Wu, Xiujuan; Xu, Shuang; Zhao, Pingzhi; Zhang, Xuan; Yao, Xiangmei; Sun, Yanwei; Fang, Rongxiang; Ye, Jian.
Afiliação
  • Wu X; State Key Laboratory of Plant Genomics, Institute of Microbiology, Chinese Academy of Sciences, Beijing, China.
  • Xu S; University of the Chinese Academy of Sciences, Beijing, China.
  • Zhao P; State Key Laboratory of Plant Genomics, Institute of Microbiology, Chinese Academy of Sciences, Beijing, China.
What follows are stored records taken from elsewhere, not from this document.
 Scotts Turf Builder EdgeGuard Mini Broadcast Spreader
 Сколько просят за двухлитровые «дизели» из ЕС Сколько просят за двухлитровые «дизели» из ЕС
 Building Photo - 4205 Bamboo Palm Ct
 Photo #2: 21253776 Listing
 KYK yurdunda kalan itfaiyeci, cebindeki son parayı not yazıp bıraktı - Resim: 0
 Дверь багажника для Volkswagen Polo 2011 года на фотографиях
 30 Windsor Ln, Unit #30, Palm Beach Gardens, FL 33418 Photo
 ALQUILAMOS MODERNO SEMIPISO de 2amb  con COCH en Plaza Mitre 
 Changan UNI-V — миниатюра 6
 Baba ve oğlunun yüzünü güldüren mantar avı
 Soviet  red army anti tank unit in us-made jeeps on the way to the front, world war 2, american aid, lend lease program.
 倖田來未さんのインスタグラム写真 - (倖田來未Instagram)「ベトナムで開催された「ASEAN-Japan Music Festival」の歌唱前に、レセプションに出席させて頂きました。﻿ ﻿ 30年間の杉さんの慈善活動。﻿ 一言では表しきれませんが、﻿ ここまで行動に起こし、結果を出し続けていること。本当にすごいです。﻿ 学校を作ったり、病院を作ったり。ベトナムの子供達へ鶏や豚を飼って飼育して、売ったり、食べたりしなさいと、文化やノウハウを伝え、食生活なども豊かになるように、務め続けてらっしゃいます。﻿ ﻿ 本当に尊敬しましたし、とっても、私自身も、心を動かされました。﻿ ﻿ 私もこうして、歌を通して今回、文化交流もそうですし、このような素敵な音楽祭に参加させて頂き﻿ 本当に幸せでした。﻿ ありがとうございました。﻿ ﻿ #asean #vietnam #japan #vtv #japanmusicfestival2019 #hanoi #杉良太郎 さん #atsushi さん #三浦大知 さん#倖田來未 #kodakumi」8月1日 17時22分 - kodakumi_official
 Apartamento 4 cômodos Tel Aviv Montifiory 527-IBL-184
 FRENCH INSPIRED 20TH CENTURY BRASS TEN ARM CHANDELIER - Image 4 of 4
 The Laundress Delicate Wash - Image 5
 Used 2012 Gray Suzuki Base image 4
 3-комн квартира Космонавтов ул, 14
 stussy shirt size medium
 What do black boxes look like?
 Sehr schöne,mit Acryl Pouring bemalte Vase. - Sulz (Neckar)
  • Zhang X; University of the Chinese Academy of Sciences, Beijing, China.
  • Yao X; State Key Laboratory of Plant Genomics, Institute of Microbiology, Chinese Academy of Sciences, Beijing, China.
  • Sun Y; State Key Laboratory of Plant Genomics, Institute of Microbiology, Chinese Academy of Sciences, Beijing, China.
  • Fang R; State Key Laboratory of Plant Genomics, Institute of Microbiology, Chinese Academy of Sciences, Beijing, China.
  • Ye J; State Key Laboratory of Plant Genomics, Institute of Microbiology, Chinese Academy of Sciences, Beijing, China.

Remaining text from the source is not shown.